| EXERCISE AIM |
Print the records below word for word, beginning with the first line and ending once the line containing "Kiehl's promotional banner" is printed.

| EXCERPTED DATA |
══════

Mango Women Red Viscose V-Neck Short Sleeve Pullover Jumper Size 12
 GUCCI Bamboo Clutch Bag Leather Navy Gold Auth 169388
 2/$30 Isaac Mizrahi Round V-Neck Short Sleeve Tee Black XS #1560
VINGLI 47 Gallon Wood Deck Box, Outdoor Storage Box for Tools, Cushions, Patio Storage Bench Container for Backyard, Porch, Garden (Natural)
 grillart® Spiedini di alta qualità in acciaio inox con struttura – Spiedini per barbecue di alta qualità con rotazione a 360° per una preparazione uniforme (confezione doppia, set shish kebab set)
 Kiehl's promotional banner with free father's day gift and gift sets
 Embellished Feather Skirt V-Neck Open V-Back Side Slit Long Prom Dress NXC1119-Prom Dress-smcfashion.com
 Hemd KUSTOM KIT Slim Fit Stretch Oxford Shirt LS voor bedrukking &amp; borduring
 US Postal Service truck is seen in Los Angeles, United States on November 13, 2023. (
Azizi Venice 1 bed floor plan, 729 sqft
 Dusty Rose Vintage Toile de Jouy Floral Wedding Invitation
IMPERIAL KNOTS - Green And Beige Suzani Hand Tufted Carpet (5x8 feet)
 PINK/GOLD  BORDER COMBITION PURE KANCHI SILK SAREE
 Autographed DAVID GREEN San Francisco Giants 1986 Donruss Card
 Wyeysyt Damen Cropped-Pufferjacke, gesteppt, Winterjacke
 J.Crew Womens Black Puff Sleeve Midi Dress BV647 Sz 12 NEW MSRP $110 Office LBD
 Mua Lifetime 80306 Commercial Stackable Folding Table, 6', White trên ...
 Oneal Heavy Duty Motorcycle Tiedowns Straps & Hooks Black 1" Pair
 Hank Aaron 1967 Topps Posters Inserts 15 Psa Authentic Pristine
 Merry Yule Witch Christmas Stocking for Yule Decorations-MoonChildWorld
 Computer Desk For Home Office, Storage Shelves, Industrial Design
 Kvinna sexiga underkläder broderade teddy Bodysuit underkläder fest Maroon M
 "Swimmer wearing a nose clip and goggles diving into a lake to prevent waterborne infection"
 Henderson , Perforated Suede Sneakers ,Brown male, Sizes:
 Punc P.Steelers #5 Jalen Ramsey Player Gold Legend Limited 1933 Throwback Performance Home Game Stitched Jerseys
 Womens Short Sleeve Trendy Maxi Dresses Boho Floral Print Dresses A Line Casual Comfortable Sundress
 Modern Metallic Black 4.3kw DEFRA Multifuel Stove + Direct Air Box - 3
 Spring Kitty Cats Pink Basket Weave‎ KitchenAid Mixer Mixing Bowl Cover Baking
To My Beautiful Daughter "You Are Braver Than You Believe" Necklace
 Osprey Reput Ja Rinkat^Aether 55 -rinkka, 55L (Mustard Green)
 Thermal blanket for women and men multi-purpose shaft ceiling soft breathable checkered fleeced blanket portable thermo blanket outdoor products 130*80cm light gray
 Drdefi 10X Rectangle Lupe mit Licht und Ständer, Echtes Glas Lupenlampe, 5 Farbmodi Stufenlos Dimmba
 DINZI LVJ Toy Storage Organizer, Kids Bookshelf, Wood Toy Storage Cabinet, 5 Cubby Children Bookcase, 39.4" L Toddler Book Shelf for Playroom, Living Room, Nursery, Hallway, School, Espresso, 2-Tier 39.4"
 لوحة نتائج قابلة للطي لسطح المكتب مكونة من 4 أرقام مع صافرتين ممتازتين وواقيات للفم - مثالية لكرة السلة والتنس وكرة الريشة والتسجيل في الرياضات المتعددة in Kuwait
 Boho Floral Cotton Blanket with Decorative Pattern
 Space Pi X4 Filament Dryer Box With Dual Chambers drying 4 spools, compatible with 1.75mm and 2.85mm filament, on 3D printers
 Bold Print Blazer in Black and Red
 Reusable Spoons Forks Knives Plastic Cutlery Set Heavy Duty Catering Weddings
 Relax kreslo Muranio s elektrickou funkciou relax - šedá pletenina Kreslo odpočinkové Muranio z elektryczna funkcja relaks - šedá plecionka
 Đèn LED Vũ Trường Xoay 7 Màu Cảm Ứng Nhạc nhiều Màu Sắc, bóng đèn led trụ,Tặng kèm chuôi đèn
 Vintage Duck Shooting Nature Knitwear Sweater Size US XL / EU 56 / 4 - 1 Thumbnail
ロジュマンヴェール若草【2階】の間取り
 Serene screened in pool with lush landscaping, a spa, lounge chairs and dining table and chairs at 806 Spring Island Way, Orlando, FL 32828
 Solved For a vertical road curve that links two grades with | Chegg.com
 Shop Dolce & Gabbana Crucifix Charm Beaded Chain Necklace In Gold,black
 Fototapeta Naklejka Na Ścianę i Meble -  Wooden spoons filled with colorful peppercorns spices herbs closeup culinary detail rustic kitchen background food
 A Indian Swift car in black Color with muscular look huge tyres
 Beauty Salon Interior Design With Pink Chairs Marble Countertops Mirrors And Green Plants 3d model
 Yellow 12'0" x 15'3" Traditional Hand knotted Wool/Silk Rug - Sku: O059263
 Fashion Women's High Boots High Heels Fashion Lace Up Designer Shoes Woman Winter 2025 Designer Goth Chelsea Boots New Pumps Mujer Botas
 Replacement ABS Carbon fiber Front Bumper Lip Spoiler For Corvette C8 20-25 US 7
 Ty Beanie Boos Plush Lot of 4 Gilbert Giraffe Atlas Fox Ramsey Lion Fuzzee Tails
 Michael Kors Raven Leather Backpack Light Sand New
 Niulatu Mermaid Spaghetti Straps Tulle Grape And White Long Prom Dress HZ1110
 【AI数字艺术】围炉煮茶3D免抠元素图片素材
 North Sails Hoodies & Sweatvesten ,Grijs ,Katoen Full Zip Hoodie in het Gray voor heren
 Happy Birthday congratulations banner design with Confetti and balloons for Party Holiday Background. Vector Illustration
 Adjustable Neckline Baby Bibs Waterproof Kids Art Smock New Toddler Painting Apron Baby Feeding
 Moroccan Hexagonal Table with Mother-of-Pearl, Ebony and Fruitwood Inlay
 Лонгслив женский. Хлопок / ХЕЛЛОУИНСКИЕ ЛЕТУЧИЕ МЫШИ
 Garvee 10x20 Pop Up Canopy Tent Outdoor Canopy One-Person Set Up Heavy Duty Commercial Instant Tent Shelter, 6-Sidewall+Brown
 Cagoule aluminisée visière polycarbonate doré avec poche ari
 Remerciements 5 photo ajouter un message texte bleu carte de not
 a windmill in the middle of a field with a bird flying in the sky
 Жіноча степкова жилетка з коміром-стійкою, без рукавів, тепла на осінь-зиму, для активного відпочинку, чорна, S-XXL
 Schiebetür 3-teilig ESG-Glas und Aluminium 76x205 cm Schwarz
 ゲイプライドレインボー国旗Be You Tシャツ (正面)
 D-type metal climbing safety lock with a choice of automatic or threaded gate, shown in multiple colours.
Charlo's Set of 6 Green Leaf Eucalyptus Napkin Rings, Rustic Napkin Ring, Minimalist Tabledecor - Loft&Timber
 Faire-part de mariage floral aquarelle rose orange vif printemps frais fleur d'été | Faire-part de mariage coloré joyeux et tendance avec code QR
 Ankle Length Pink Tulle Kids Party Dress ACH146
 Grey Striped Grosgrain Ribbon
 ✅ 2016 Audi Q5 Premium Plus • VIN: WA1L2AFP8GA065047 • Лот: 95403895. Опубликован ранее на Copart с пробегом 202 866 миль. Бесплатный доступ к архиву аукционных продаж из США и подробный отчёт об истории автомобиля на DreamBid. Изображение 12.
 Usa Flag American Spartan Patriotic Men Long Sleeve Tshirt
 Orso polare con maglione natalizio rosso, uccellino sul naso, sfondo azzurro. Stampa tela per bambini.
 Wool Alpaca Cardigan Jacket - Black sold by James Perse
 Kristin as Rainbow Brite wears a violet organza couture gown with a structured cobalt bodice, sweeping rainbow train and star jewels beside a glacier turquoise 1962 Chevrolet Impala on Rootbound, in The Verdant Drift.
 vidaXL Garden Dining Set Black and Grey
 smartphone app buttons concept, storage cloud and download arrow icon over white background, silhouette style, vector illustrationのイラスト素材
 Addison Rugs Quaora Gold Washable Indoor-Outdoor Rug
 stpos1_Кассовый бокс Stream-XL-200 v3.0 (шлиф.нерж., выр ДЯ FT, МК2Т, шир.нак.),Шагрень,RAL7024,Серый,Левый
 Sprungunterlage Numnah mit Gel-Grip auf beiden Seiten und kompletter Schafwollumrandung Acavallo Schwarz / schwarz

══════

| SOLUTION TO THE PROBLEM |
Mango Women Red Viscose V-Neck Short Sleeve Pullover Jumper Size 12
 GUCCI Bamboo Clutch Bag Leather Navy Gold Auth 169388
 2/$30 Isaac Mizrahi Round V-Neck Short Sleeve Tee Black XS #1560
VINGLI 47 Gallon Wood Deck Box, Outdoor Storage Box for Tools, Cushions, Patio Storage Bench Container for Backyard, Porch, Garden (Natural)
 grillart® Spiedini di alta qualità in acciaio inox con struttura – Spiedini per barbecue di alta qualità con rotazione a 360° per una preparazione uniforme (confezione doppia, set shish kebab set)
 Kiehl's promotional banner with free father's day gift and gift sets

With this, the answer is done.